La exposición del procedimiento ordinario de reforma del Tratado pone de manifiesto cómo éste se ha dotado de una determinada rigidez que, como es sabido desde la teoría constitucional, implica dificultades y complejidades para culminar procedimentalmente la revisión que afectan materialmente a todo el Tratado. A menos, claro, que se reserve este grado de rigidez sólo para aquellas partes de su contenido que se consideren verdaderamente fundamentales. Por ello, además de este procedimiento de revisión del Tratado, que recibe la denominación de “ordinario”, y que propiamente es el verdadero procedimiento para reformar en el futuro el Tratado, éste ha querido contemplar otras posibilidades de revisión de menor calado, que afectan a unos ámbitos específicamente determinados, y que contempla bajo la rúbrica de “simplificado”.
Se trata de que cuando en la Parte III del Tratado (“De las políticas y el funcionamiento de la Unión”) se disponga que el Consejo ha de pronunciarse por unanimidad en un ámbito o en un caso determinado, el Consejo Europeo podrá adoptar una decisión europea que autorice al Consejo a pronunciarse por mayoría cualificada en dicho ámbito o en dicho caso, salvo en aquellas decisiones que tengan repercusiones en el ámbito militar o de las defensa. Igualmente, cuando en esta Parte III del Tratado se disponga que el Consejo ha de adoptar leyes o leyes marco europeas por un procedimiento legislativo especial, el Consejo Europeo podrá adoptar una decisión europea que autorice a adoptar dichas leyes o leyes marco europeas por el procedimiento legislativo ordinario.
Cuando el Consejo tome una iniciativa en cualquiera de los dos casos anteriores, la transmitirá a los Parlamentos nacionales de los Estados miembros. Si se suscitara la oposición de uno de estos Parlamentos nacionales, notificada en una plazo de seis meses a partir de la comunicación del Consejo, no se adoptará la decisión europea contemplada en los procedimientos anteriormente citados; en caso de no mediar oposición, el Consejo Europeo podrá adoptar la citada decisión.

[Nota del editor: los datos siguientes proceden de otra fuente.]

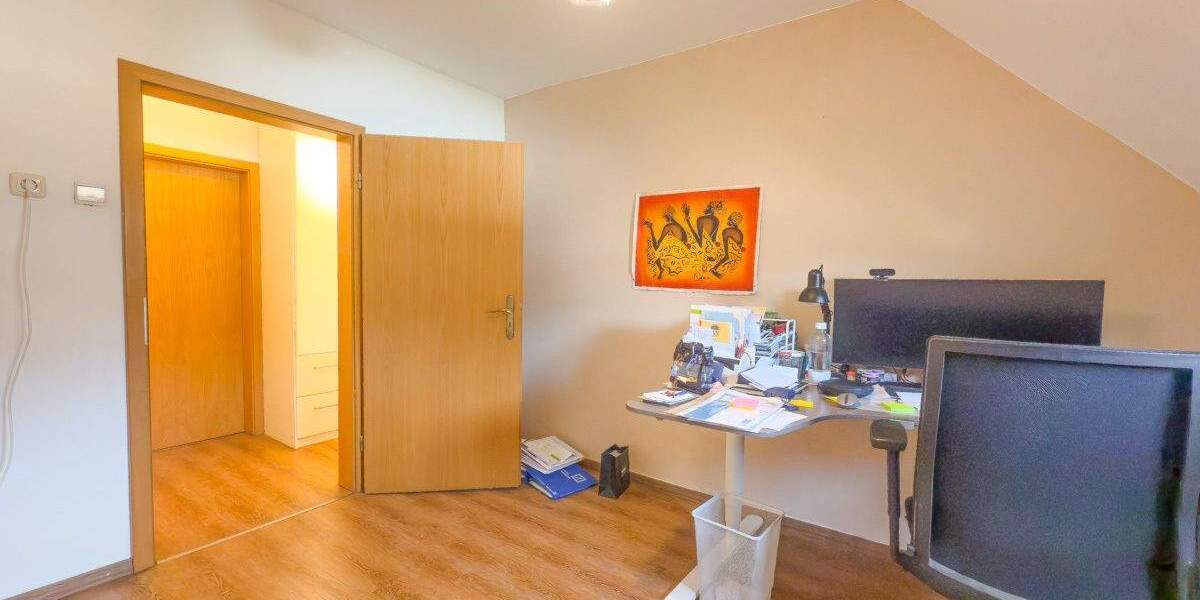 Vielseitiges Haus mit Charme - ideal für Mehrgenerationen, Arbeiten & Wohnen oder Vermietung 1 zimmer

En todos estos procedimientos de revisión simplificados, la adopción de la decisión europea exigirá que el Consejo Europeo se pronuncie por unanimidad, previa aprobación del Parlamento Europeo, que habrá de pronunciarse por mayoría de los diputados que lo integran.
Prevé, en fin, el Tratado un procedimiento de revisión simplificado, que afectaría sólo a una parte material del mismo, la que se refiere a las políticas internas de la Unión, según el cual el Gobierno de cualquier Estado miembro, el Parlamento Europeo o la Comisión podrán presentar al Consejo Europeo proyectos de revisión de la totalidad o parte de las disposiciones del Título III de la Parte III relativa a las políticas internas de la Unión.
También en este sentido, el Consejo Europeo podrá adoptar una decisión europea que modifique la totalidad o parte de las disposiciones del Título III de la Parte III. En este caso, el Consejo Europeo deberá pronunciarse por unanimidad, previa consulta al Parlamento Europeo y a la Comisión, así como al Banco Central Europeo si se trata de cambios institucionales en la zona monetaria. Además, estas decisiones solo entrarán en vigor después de haber sido aprobadas por los Estados miembros, de conformidad con sus respectivas normas constitucionales. Y en todo caso, queda fuera del ámbito de estas decisiones la posibilidad de incrementar las competencias atribuidas por el Tratado a la Unión Europea.